Scientists from Japan used AI deep learning to discover new geoglyphs in the Arid Peruvian coastal plain, in the northern part of Peru’s Nazca Pampa.
The research has been ongoing since 2004 by a team from Yamagata University, led by Professor Makato Sakai. Yamagata University has been conducting geoglyph distribution surveys using satellite imagery, aerial photography, airborne scanning LiDAR, and drone photography to investigate the vast area of the Nazca Pampa covering more than 390 km2.
The Nazca Lines are thought to have been made over centuries, starting around 100 BC by the Nazca people of modern-day Peru. They were first studied in detail in the 1940s, and by the time they were designated a UNESCO World Heritage Site in 1994, around 30 were identified. They’re remarkably well-preserved considering their age, helped by the desert’s dry climate and winds that sweep away the sand but are being obscured by floods and human activity.

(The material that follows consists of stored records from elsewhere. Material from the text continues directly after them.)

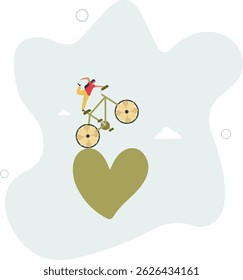 eco friendly transportation. bicycle as an environmentally friendly mode of transport. character life .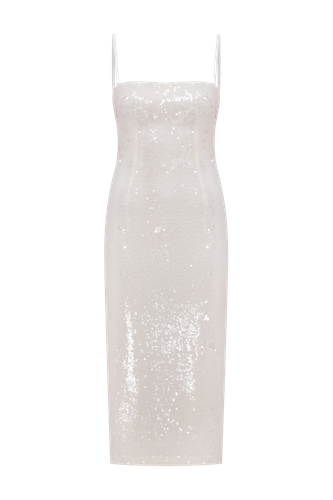 Miles Sequin Dress In Cloud Cream - Nazli Ceren - Modalova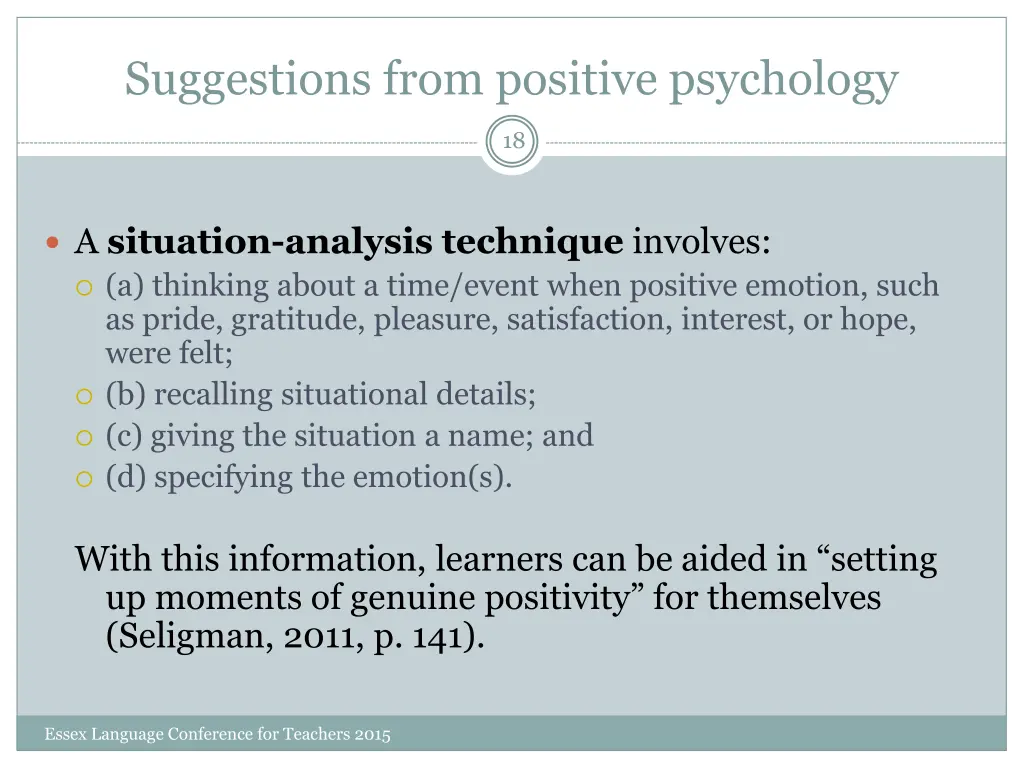 suggestions from positive psychology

Archaeologists discovered 142 new designs in the desert over the course of ten years by manually identifying them using aerial photography and on-site surveying. Then, in collaboration with IBM Japan researchers, they used machine learning to search the data for designs that had been missed in previous studies.

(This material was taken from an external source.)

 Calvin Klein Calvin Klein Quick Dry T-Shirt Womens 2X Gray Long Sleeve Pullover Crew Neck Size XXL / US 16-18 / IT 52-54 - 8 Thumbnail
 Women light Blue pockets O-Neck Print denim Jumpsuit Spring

In order to create a thorough survey of the area in 2016, the researchers used aerial photography with a ground resolution of 0.1 m per pixel. The team has identified numerous geoglyphs over time, but because the process takes a long time, they have turned to AI deep learning to analyze the images much more quickly.
A study published in the Journal of Archaeological Science revealed the discovery of four new Nazca geoglyphs using this new method by developing a labeling approach for training data that identifies a similar partial pattern between the known and new geoglyphs.

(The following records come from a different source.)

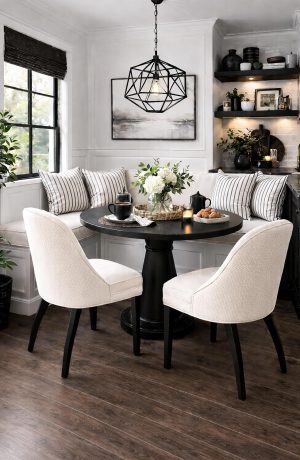 Style Upholstering's 35 Upholstered Wood Dining Chairs in Moody Black and White Breakfast Nook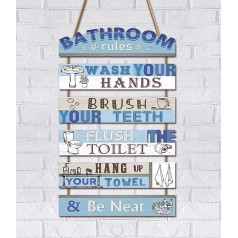KAIRNE Bathroom Decoration Blue Wooden Toilet Sign Wash Your Hands Brush Your Teeth Rustic Hanging Wooden Sign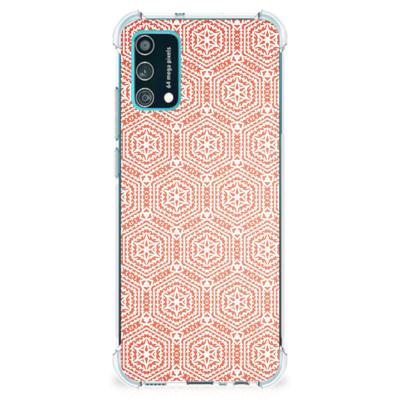 Samsung Galaxy M02s | A02s Doorzichtige Silicone Hoesje Pattern Orange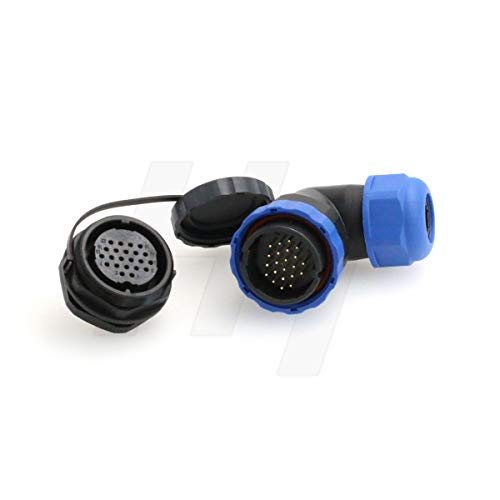 HangTon HE29 22 Pin Wire Cable Plug Panel Socket Plastic Waterproof Connector Threaded Outdoor Industrial Electrical Power Circular Male Female Angled (22 pin) - size: 22 pin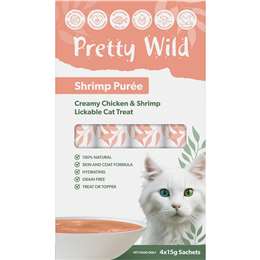 Pretty Wild Shrimp Puree Cat Treats 15g x 4 pack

The four new geoglyphs depict a humanoid figure, a pair of legs, a fish, and a bird. The humanoid geoglyph is shown holding a club in his/her right hand and measuring 5 meters in length. The fish geoglyph, demonstrated with a wide-open mouth measures 19 meters, while the bird geoglyph measures 17 meters and the pair of legs 78 meters.
“We have developed a DL pipeline that addresses the challenges that frequently arise in the task of archaeological image object detection,” the study’s authors write. Our method enables the discovery of previously unattainable targets by enabling DL to learn representations of images with better generalization and performance. Additionally, by speeding up the research process, our approach advances archaeology by introducing a novel paradigm that combines field research and AI, resulting in more effective and efficient investigations.
These results serve as yet another illustration of how machine learning can be useful to scientists, particularly when tackling tasks involving sizable datasets. Just like humans, algorithms can be taught to sift through specific types of data looking for patterns and anomalies. Although creating these tools can be challenging, once trained, such algorithms are tireless and consistent.